Now that the President has bent the knee to King Corn yet again, allowing year-round sales of E-15 blended gasoline, it’s probably worth our time to take a moment and figure out what all of this ethanol blending is really doing for us. The Renewable Fuel Standard (RFS) was pushed through under the Bush 43 administration at a time when rising gas prices and global warming were both weighing heavily on the minds of the public. Ethanol blending was touted as a way to fight both of those concerns.
So how has it worked out? According to the U.S. Government Accountability Office (GAO) it hasn’t done much on either score.

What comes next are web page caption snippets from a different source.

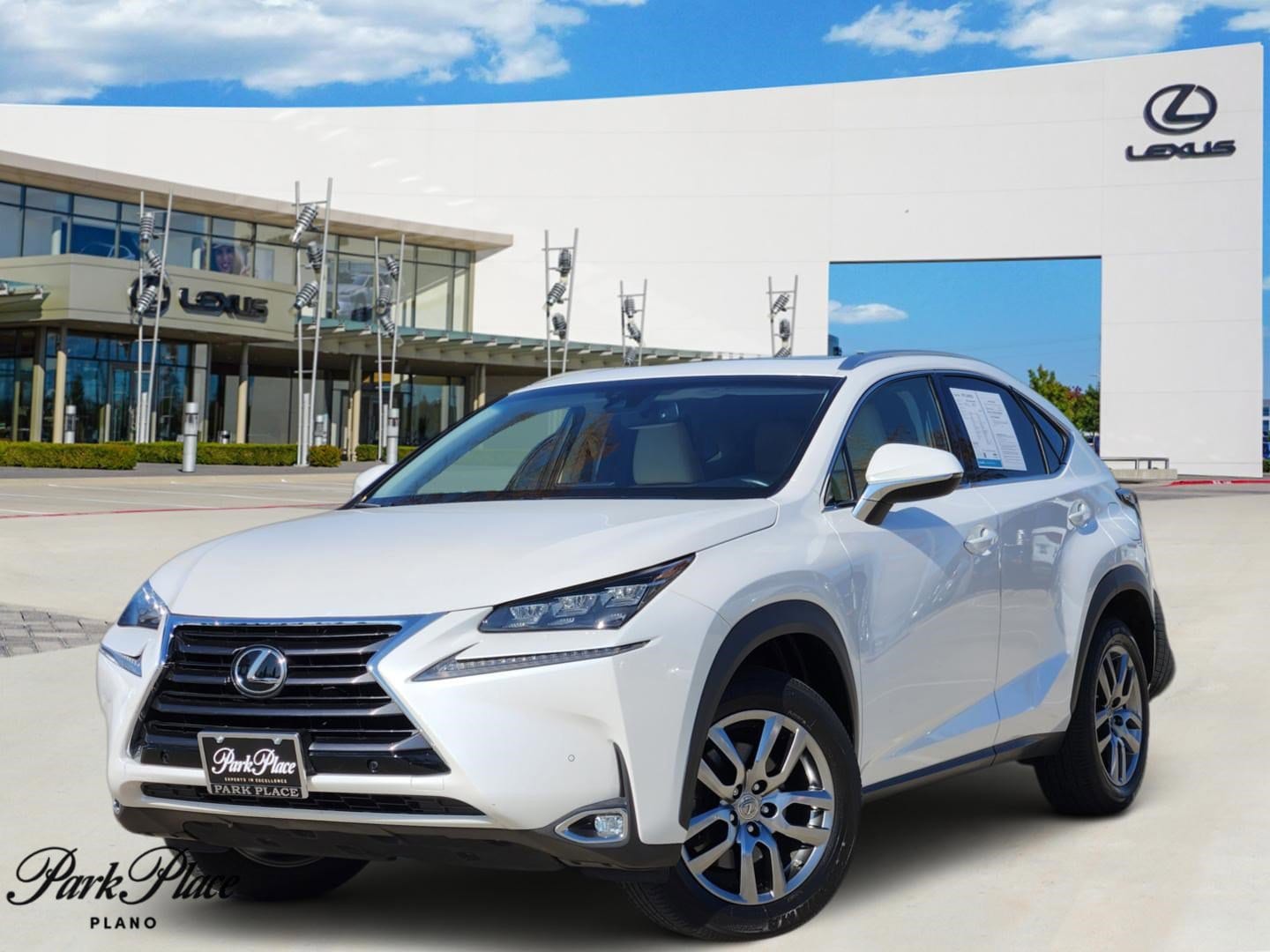 2016 Lexus NX 200t's photo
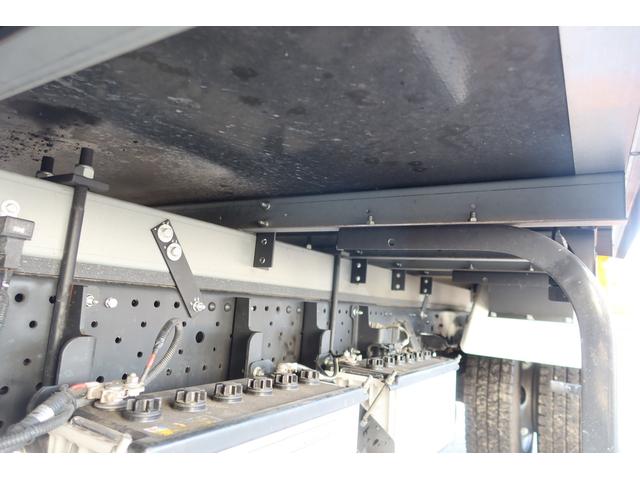 エルフトラック 　ワイド　冷蔵冷凍車　－５度設定　東プレ　内寸４２８０×１９４０　Ｈ１９１０（39枚目）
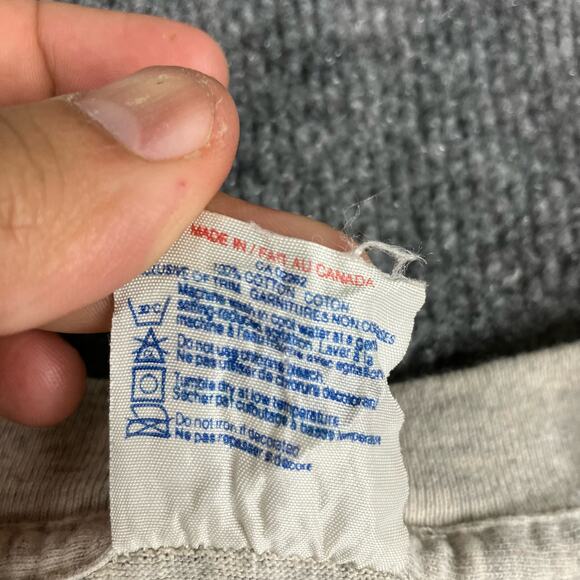 Whistler T-Shirt Cityscape Medium Heather Gray Canada Maple Leaf Graphic Vintage - Picture 3 of 7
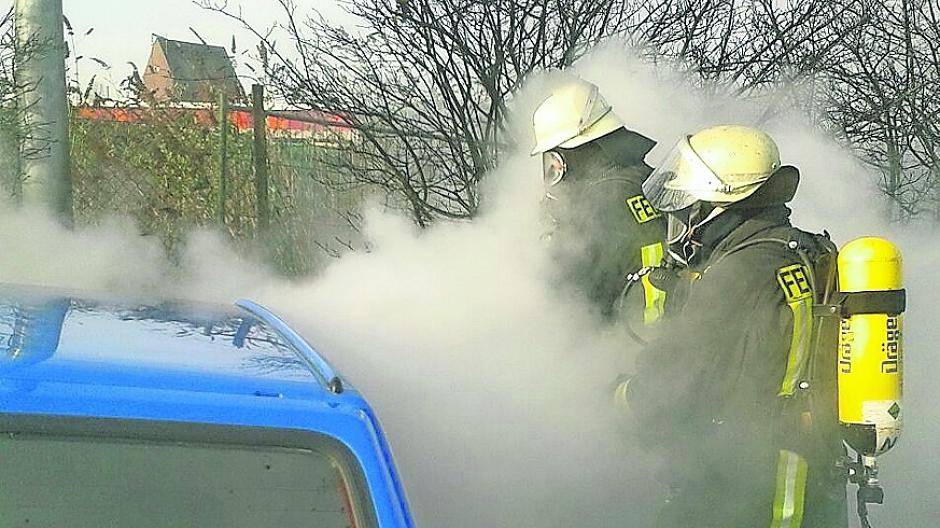  Gleich zwei Autos musste die Feuerwehr löschen. Dieser Wagen befand sich in Osterath auf dem Parkplatz eines Supermarktes. 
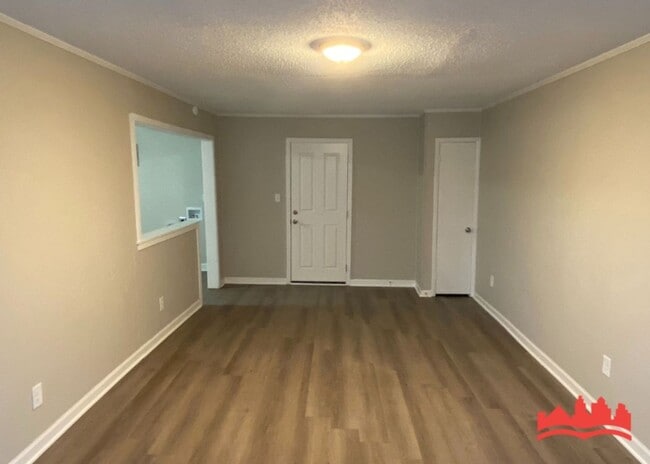 Building Photo - Welcome to 1703 Scottswood Street!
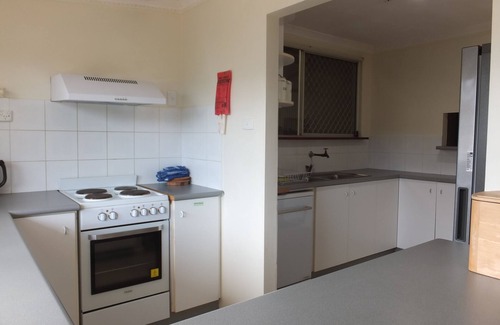 Hopetoun Cottage | Two Pines - a cosy beach-style cottage full of fun surprises!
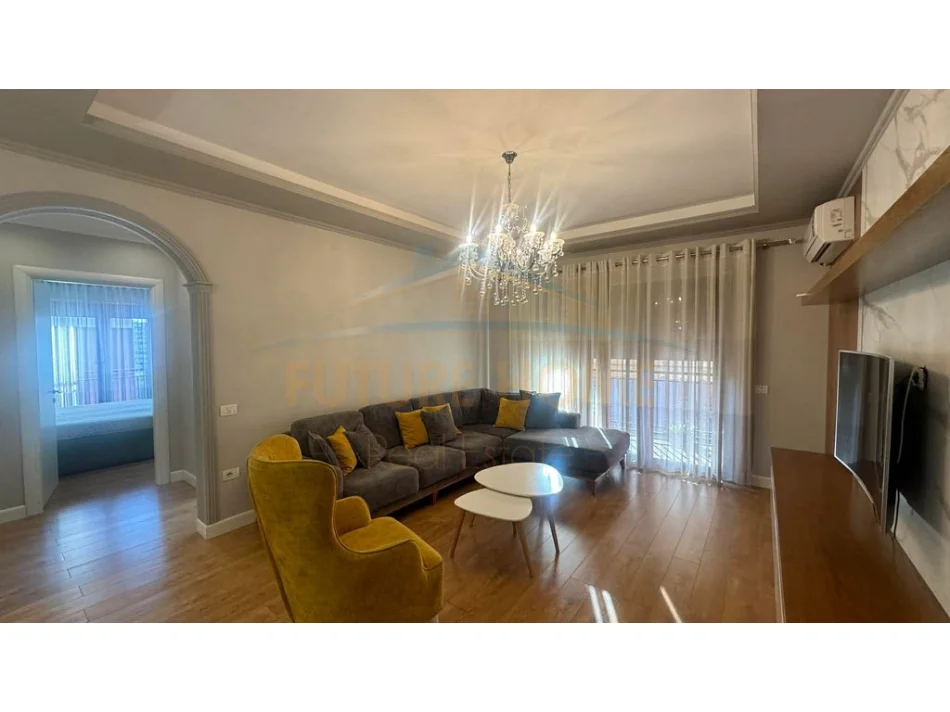 Tirane, jepet me qera apartament 3+1 Kati 5, 850 € 
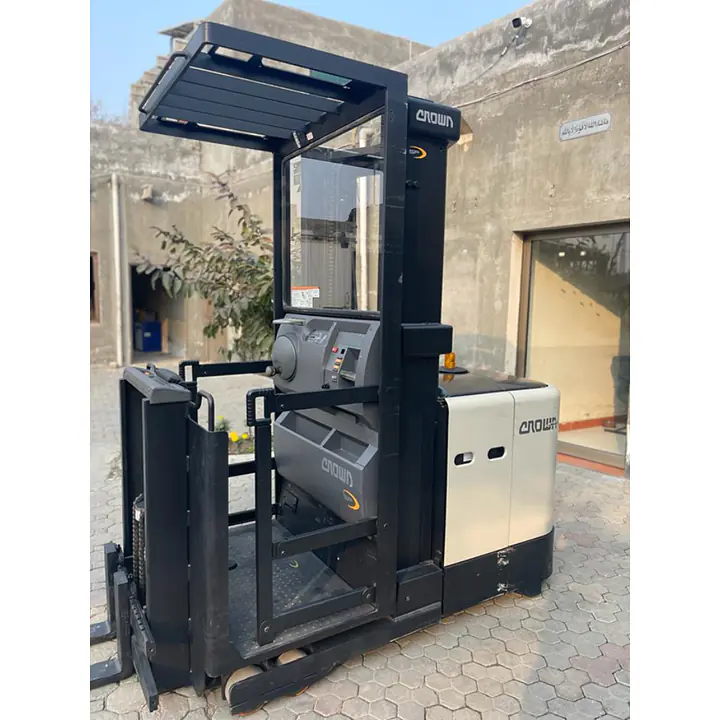 Crown Order Picker 1 ton - Master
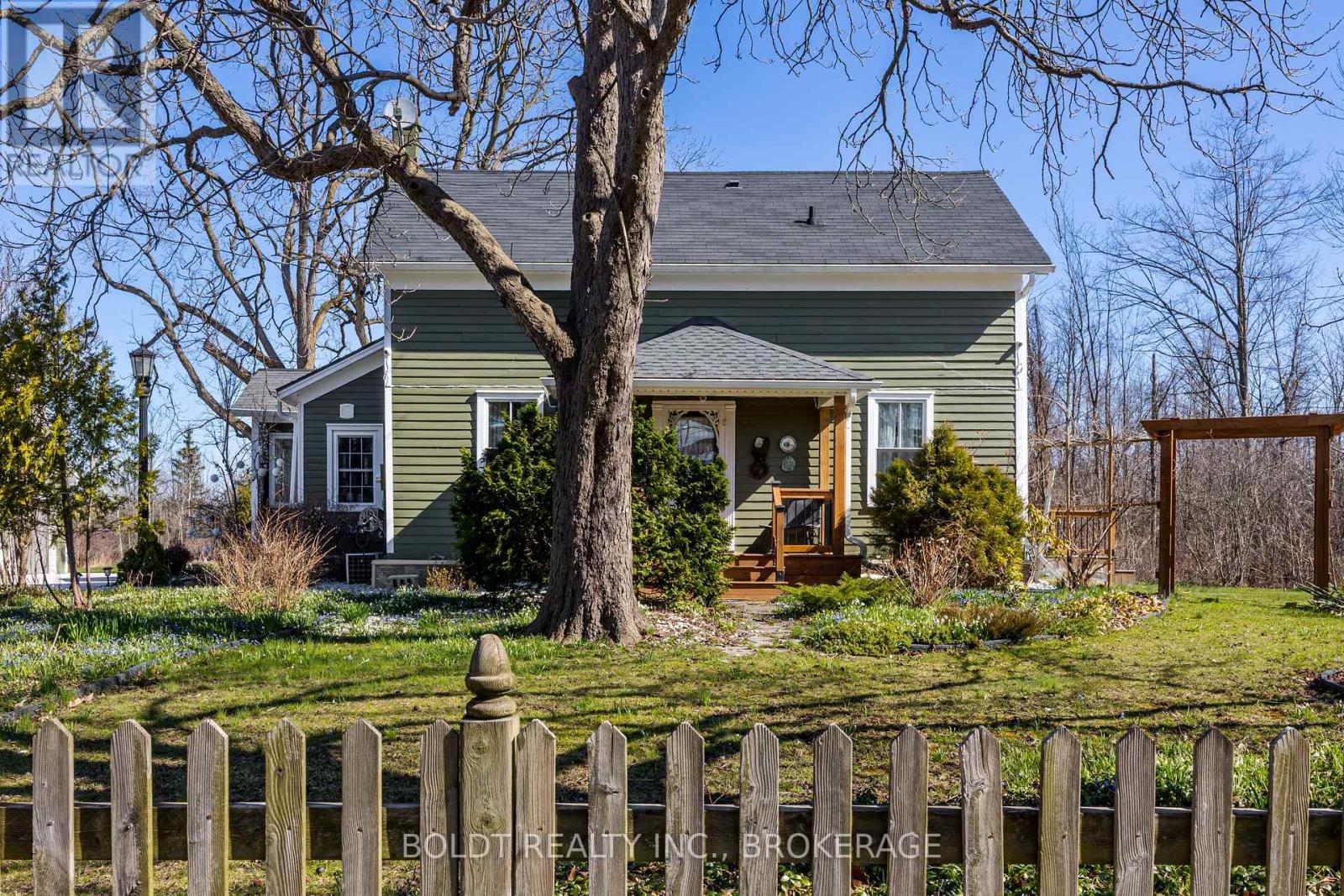 2440 Decew Road, Thorold, Ontario  L0S 1E6 - Photo 12 - X12088131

The net effect on gas prices has been basically a wash and the changes have had only a negligible effect on emissions. (Bloomberg)
A federal program requiring the use of corn-based ethanol and biodiesel in gasoline supplies hasn’t lowered pump prices or significantly reduced greenhouse gas emissions, according to the U.S. Government Accountability Office.
Gasoline prices outside of the corn-rich Midwest likely rose by a few pennies a gallon at the pump because of the Renewable Fuel Standard, while falling slightly in areas with ethanol plants, the GAO said in a report posted online Monday. The pump price effects likely diminished over time. Refiners benefited from installing equipment for the fuel-blending requirement “that, over time, reduced refining costs for gasoline,” according to the report.
In addition, the GAO found that “most of the experts we interviewed generally agreed that to date the RFS has likely had a limited effect, if any, on greenhouse gas emissions.” That’s due to the continued reliance on corn-based ethanol, instead of more advanced cellulosic biofuels that use agricultural waste but haven’t shown a great deal of commercial viability.
None of this should come as much of a surprise to anyone who’s been following the story of the RFS from the beginning. Ethanol should be slightly cheaper to produce than gasoline (at least in theory), so replacing a percentage of real gasoline with the biofuel might have cut costs. But given the hamhanded way the program was implemented, the blending process drove up costs at the refinery and those increases were passed on to the consumer.
As far as emissions go, that too might have been an area where benefits were realized if we’d focused on the use of agricultural waste products in cellulosic biofuels, but we didn’t. We’re still using almost entirely corn and soybeans. We’re burning our food for fuel and the increased agricultural activity has come at a cost in terms of environmental impact.
In the end, the only people benefitting from the RFS are the ethanol industry and some farmers in the midwest, particularly in Iowa and Illinois. Unfortunately, they punch far above their weight class politically, so we’re stuck with this albatross around our necks until we manage to elect some leaders who aren’t basically prostituting themselves to Iowa politicians. And as for the results? It doesn’t matter if the RFS is actually doing anything productive as long as it’s a political winner.